Le soutien des communautés spirituelles

Adul, le seul chrétien du groupe, vit avec le pasteur Shin Maung depuis une dizaine d’années. Ses parents l’ont déposé à l’église lorsqu’il avait six ans, considérant que les opportunités d’éducation du côté thaï de la frontière étaient meilleures pour leur fils. Il fait partie de la vingtaine d’enfants qui vivent autour de l’église : leurs parents, des travailleurs migrants birmans, les ont confiés à la responsabilité du pasteur et de sa femme afin d’aller chercher du travail ailleurs en Thaïlande ou en Asie du Sud Est. L’office du dimanche, dit en birman, est une cérémonie colorée, ponctuée par des chants en birman et en anglais. Très expressif, le pasteur s’exclame au micro et chante avec ferveur. Il s’adresse en particulier aux plus jeunes, mettant en garde contre les dangers des réseaux sociaux. « Ne tombez pas dans le piège du faux bonheur exhibé sur Facebook », enjoint-il.
Chiang Rai est une zone particulièrement dynamique du christianisme.

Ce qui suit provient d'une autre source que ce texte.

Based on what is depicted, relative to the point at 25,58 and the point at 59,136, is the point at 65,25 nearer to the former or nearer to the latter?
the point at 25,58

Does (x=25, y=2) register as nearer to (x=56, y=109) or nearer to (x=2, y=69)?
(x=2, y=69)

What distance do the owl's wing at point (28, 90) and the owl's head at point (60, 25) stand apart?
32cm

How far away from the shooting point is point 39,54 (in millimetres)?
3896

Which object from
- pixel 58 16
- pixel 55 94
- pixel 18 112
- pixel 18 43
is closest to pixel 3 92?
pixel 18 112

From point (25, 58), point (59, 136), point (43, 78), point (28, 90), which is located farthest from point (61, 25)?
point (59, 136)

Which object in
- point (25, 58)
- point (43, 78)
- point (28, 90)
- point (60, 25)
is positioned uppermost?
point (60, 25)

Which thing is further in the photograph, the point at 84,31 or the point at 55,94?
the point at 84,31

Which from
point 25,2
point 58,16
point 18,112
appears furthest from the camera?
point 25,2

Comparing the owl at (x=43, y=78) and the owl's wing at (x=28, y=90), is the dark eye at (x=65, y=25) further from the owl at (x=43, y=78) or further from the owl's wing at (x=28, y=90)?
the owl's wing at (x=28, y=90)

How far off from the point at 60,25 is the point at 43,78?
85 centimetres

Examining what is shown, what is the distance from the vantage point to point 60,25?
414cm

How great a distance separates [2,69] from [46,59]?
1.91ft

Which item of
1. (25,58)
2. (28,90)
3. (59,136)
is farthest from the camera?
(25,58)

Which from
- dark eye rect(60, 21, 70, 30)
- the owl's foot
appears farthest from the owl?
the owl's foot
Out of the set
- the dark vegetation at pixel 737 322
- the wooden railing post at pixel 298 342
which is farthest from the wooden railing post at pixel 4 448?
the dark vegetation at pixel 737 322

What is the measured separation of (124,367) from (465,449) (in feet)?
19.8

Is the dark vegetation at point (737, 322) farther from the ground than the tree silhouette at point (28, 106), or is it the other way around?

La communauté compterait près de 60 000 croyants dans la seule province, dont 20 000 catholiques. En avril dernier, Mgr Joseph Vuthilert Haelom a été nommé à la tête du tout nouveau diocèse catholique de Chiang Rai. Selon les missionnaires de la région, les peuples des montagnes environnantes du nord du pays, de culture animiste, souvent mal intégrés voire méprisés par la bonne société thaïlandaise, sont plus susceptibles de se tourner vers le christianisme que vers le bouddhisme. Près de 60 % des chrétiens de Thaïlande vivent désormais dans les régions du nord, où se trouveraient près de 100 % des nouvelles conversions.

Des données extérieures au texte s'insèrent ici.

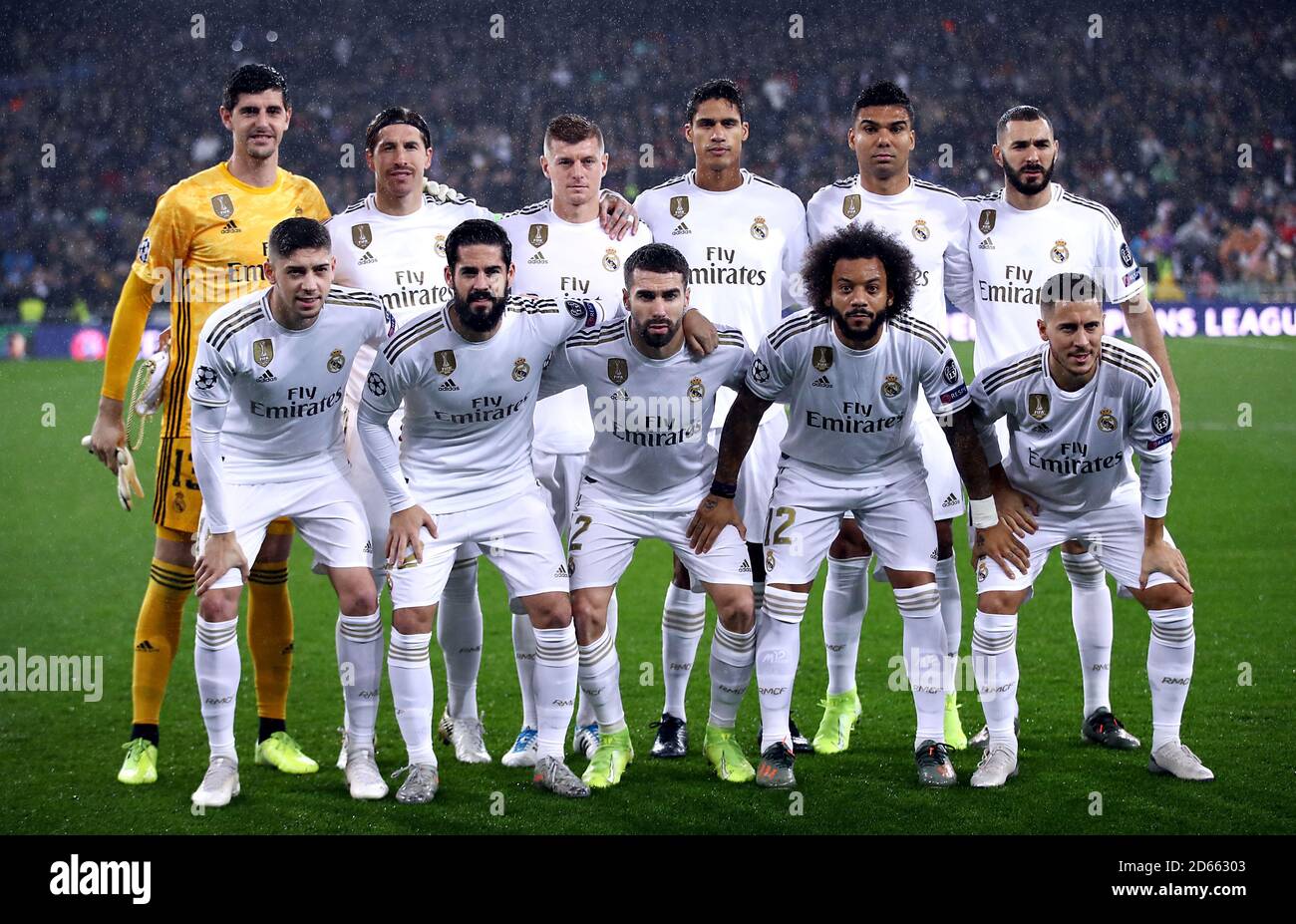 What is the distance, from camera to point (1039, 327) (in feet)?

Pour la population, une question demeure : quel profit tirer de l’immense attention internationale suscitée par l’histoire de la grotte ? « Pour l’instant, l’affaire a bénéficié au gouvernement de Bangkok », explique le moine Prayuth. « Pas au gouvernement local, ni aux enfants ou à leur famille. » Une dizaine de livres et six productions cinématographiques sur l’aventure des enfants de Tham Luang seraient en cours de réalisation. Des personnalités locales essaient de négocier des droits d’auteur pour les enfants et leurs familles, pour l’instant sans succès.